Given the show’s proclivity for incorporating various elements from folklore, literature, and pop culture, and the fact that one of the Great Old Ones ran away from something more powerful than himself, we can only speculate that the One Who Waits might be another Great Old One.

This perfectly sets the stage for the appearance of Cthulhu as the next Big Bad of the Doctor Who series. And while the fact that Cthulhu and Doctor Who have no official crossovers in the series remains true, the same can’t be said for other Doctor Who media.

The Whoniverse is a narratively vast space comprised of the official TV show and several prose and audiobook releases that fit inside the official Doctor Who canon.
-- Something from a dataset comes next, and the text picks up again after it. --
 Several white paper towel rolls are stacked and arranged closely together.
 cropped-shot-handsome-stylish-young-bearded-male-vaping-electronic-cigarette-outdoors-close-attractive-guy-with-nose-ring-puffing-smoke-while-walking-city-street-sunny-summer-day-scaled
One such release is The Lovecraft Invasion, in which a Somnifax becomes attracted to H.P. Lovecraft and enters his mind in an attempt to bring Cthulhu into reality. Other accounts from various media have identified Cthulhu as an Old One whom the Seventh Doctor prevented from rising again in 1915 Haiti. There are several other accounts referencing the Great Old Ones and Cthulhu in other releases as well.
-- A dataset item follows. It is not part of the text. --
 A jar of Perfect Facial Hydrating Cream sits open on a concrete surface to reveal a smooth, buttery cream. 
Here is where things become even more interesting. All of these stories, be they audiobooks or prose, agree that the Great Old Ones came from outside the Doctor’s universe. They predate the Big Bang and have escaped the destruction of their universe by shedding their physical forms while transitioning to the Doctor’s universe, where they have been reborn with godlike powers. Seeing how we already got the Celestial Toymaker to appear in the series as one of those Great Old Ones, why wouldn’t Cthulhu make an appearance as well?

The very mention of the One Who Waits is an apt metaphorical description for Cthulhu, a cosmic entity of great power lying in a death-like slumber in the sunken city of R’lyeh, waiting for the time when the stars align correctly to awaken so that he can rise again. So, while the Doctor still hasn’t punched Cthulhu in the Doctor Who series, he might take kid gloves off if H.P. Lovecraft’s version of Squidward decides to wake up and try to plunge all of time and space into blubbering madness.